OSMap: LR58
Type: Roman Watch-tower

Roads
NE (4.5) to Strageath
SW (2) to Alavna-veniconvm

There are two Roman watch-towers at Shielhill in Tayside, located to either side of the main military highway into north-east Scotland. The southernmost tower (Shielhill-South) lies to the west of the road while the northern tower (Shielhill-North) lies to the east. Both of these fortifications consist of a four-post watch-tower enclosed by an earthen rampart surrounded by two external ditches and an entrance facing the road. The two watchtowers lie about 1,000 yards (c.914 m) apart, Shielhill-South some 1,000 yards north of the similar watch-tower at Blackhill Wood, Ardoch, while Shielhill-North lies 1,000 yards to the south of the fortlet at Kaims Castle.

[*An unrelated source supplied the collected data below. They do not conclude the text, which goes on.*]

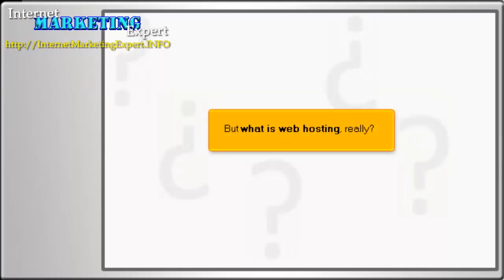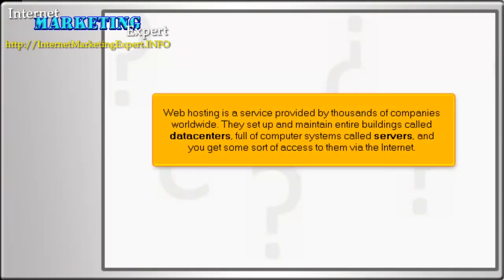But what is web hosting, really? Web hosting is a service provided by thousands of companies worldwide. They set up and maintain entire buildings called data centers, full of computer systems called servers, and you get some sort of access to them via the Internet.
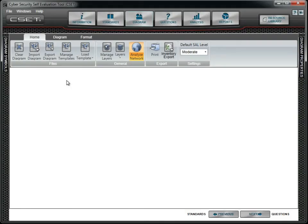In this tutorial, we will focus on both the Diagram and Format menu options in the Diagram screen.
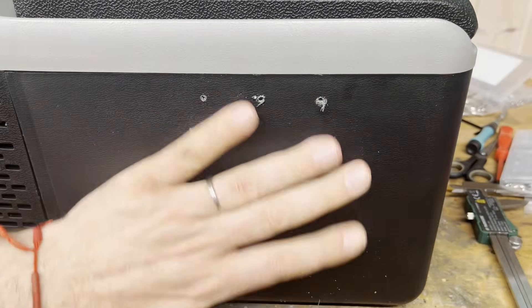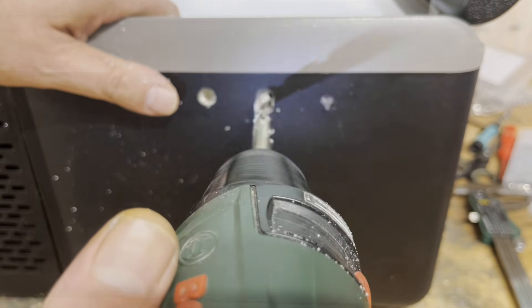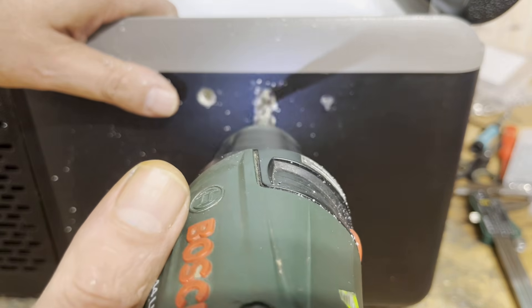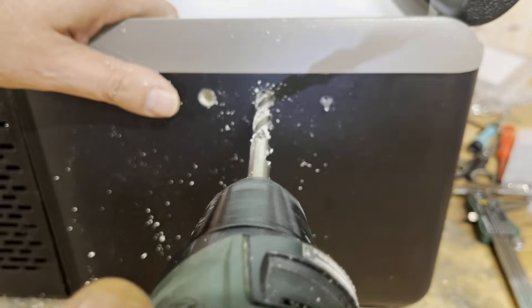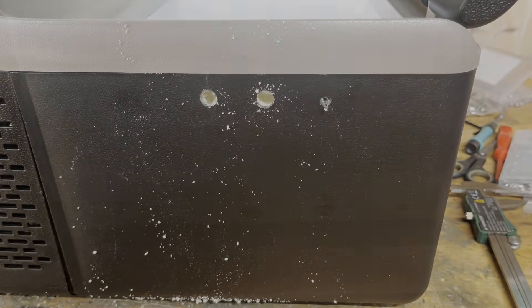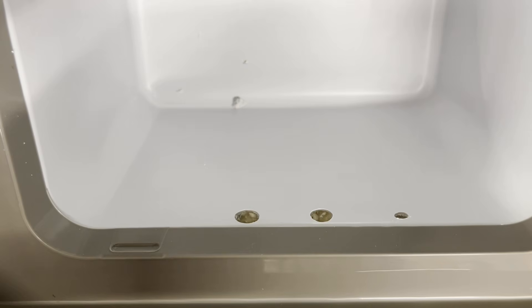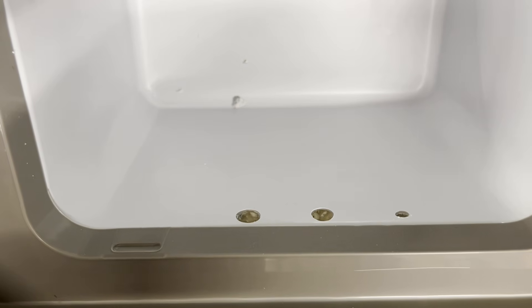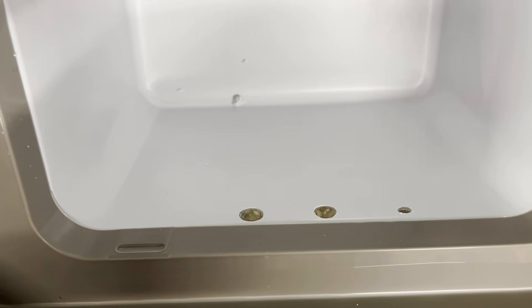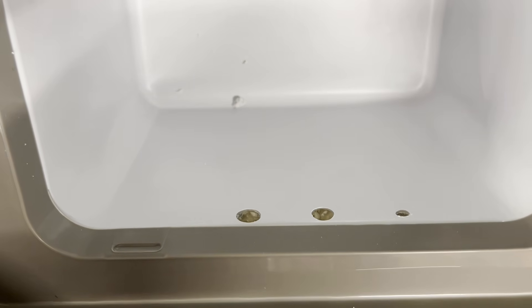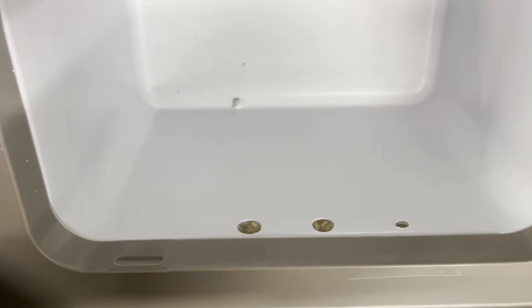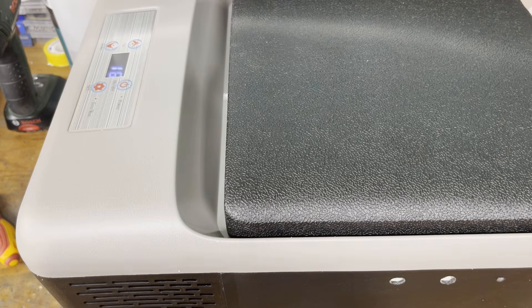The two holes on the left are then enlarged to 10 mm. They are for the water inlet and outlet. The 5 mm hole on the right is for feeding through the cable for the submersible pump.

Shielhill North: This sub-rectangular watch-tower measures about (c.24 m) in diameter with its double-ditch system interrupted on the south-east facing the road. When examined in the early 1970's, the inner ditch was found to be 5½ ft. wide and nearly 2 ft. deep with a fill of turf, ash and burnt clay, the outer ditch 4½ ft. wide and 1½ ft. deep containing a filling of natural peat. A single round post-hole uncovered at the time had been packed with gravel, the top 12 ins. of which were removed from the hole when the 1 ft. square timber post was removed, the hole then being filled with gravel, earth, charcoal and pieces of daub. This shows that the tower, like its neighbour to the south, was dismantled after a short period of use, probably during a general withdrawal from north-east Scotland.

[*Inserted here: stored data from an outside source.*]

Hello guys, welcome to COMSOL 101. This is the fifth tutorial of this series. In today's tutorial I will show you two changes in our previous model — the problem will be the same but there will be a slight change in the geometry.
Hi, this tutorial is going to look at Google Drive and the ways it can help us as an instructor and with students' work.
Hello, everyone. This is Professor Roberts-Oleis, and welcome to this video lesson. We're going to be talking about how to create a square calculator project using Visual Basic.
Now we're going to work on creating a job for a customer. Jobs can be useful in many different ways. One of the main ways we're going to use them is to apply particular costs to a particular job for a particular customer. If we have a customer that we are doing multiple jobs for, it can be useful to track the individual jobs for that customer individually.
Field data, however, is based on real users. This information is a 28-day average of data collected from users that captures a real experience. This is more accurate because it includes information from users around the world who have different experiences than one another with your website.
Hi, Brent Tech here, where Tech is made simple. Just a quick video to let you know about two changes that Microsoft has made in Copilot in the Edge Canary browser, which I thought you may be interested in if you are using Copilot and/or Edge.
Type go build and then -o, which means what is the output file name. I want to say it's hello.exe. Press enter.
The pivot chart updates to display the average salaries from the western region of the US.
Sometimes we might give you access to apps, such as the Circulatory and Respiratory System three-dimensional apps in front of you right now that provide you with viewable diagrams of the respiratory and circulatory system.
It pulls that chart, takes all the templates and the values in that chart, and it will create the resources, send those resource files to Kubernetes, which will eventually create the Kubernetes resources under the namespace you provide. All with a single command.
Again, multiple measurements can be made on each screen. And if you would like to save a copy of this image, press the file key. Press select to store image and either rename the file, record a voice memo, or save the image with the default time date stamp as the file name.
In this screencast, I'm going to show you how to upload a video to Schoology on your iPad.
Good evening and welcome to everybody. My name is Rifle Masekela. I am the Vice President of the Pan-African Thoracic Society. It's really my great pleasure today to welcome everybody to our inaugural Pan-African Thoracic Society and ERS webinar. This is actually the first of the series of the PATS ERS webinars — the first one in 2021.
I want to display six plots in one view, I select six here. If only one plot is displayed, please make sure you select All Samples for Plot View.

Shielhill South: This watch-tower was also defended by two ditches, the inner was 50 ft. in diameter, the outer 77 ft. in diameter with an entrance-causeway facing the Roman road on the SE. The four post-holes of the timber tower 11½ ft. square, had all been filled with cobbles and capped with clay after the original timbers had been rocked-out, this and other similar "filling-in" on other sites along the Gask Ridge is eloquent evidence for an ordered withdrawal of the Roman military from the area.

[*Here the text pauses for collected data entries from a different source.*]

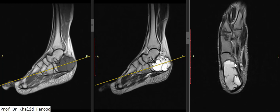calcaneum. It is basically an expansile lytic lesion with a very sharp zone of transition with adjacent normal bone, suggesting the benign nature of the lesion. We can also see multiple septa in it — here we can see multiple septa.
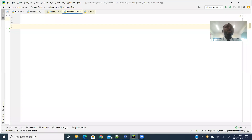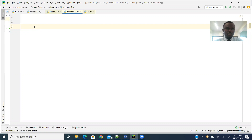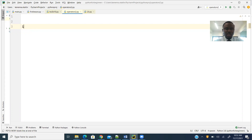Speaking of the membership operator, the operation represented by that operator is used to simply evaluate whether an element is a member of a group. The group there could be a list or a tuple. And that operator is simply the `in`.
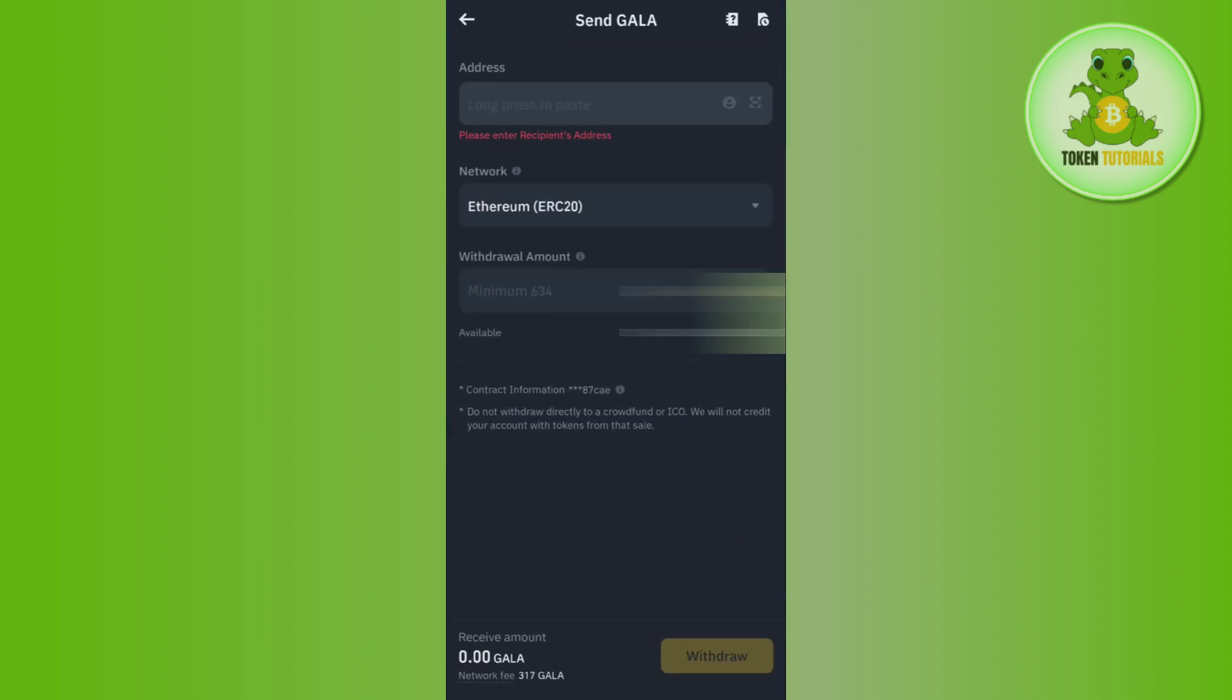Then you need to go to your Binance account again, and in this address section you will have to paste the address. After that, you will have to select the network, so you need to make sure that the network that is selected is correct. Then you will have to enter the amount of Solana that you want to purchase.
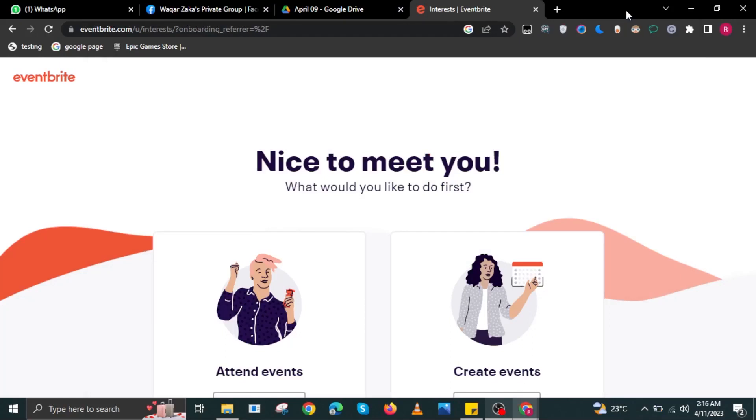Hello, my name is Sam and welcome to Braintech. In this video, I will show you how to create an Eventbrite event.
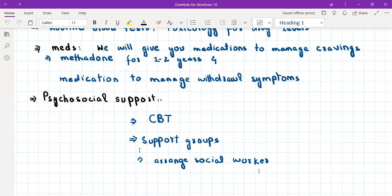I will make another video on alcohol dependence and also smoking cessation, as these are very important topics in psychiatry. I hope this video was helpful and I will see you soon with another video.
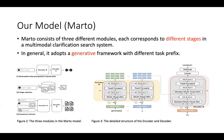We also propose a model called Martel. Martel consists of three different modules, each corresponding to different stages in a multimodal clarification search system. In general, it adopts a generative framework with different task prefixes to differentiate different sub-tasks.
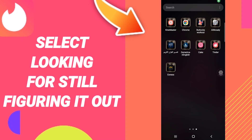Today we'll talk about how to select 'Looking For: Still Figuring It Out' on the Tinder application.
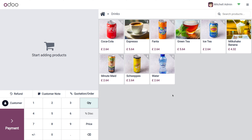This focuses on the most common products. You can set the Start Category to display your best-selling items or the categories most relevant to specific cashiers or Point of Sale stations. This also improves navigation, helping cashiers quickly find the products they need, especially if you have a large inventory.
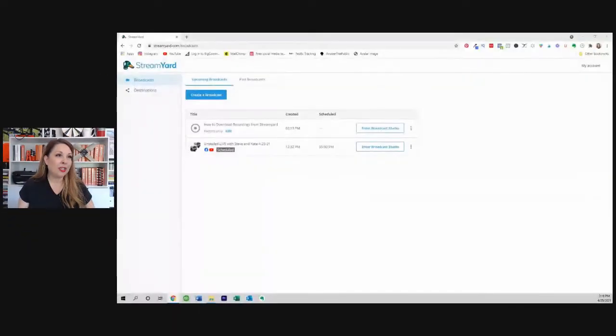Facebook has not always made that easy. What I do love is that StreamYard has made this extremely easy. So let's go ahead and jump on over to StreamYard.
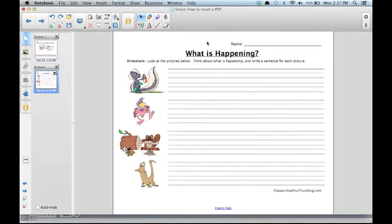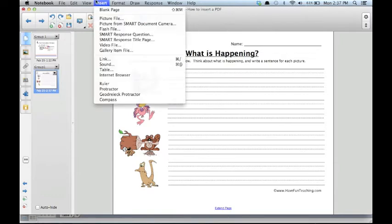The second way to import a PDF is through the Insert menu. Click on the Insert menu, then click on Picture File.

The regular spacing of these small fortifications along this particular stretch of the military road into the north-east, and others along the Gask Ridge constitute the first planned military frontier in Britain, the precursor of both Hadrian's Wall in northern England and the short-lived Antonine Wall in southern Scotland.

See: Air Reconnaissance in Britain, 1969-72 by J.K. St. Joseph in J.R.S. lxiii (1973) p.;
Air Reconnaissance of Roman Scotland 1939-75 by J.K. St. Joseph in G.A.J. iv 1976;
Air Reconnaissance in Britain, 1973-76 by J.K. St. Joseph in J.R.S. lxvii (1977) p.;
Britannia xxviii (1997) p.405;
Britannia xxxi (2001) p.319.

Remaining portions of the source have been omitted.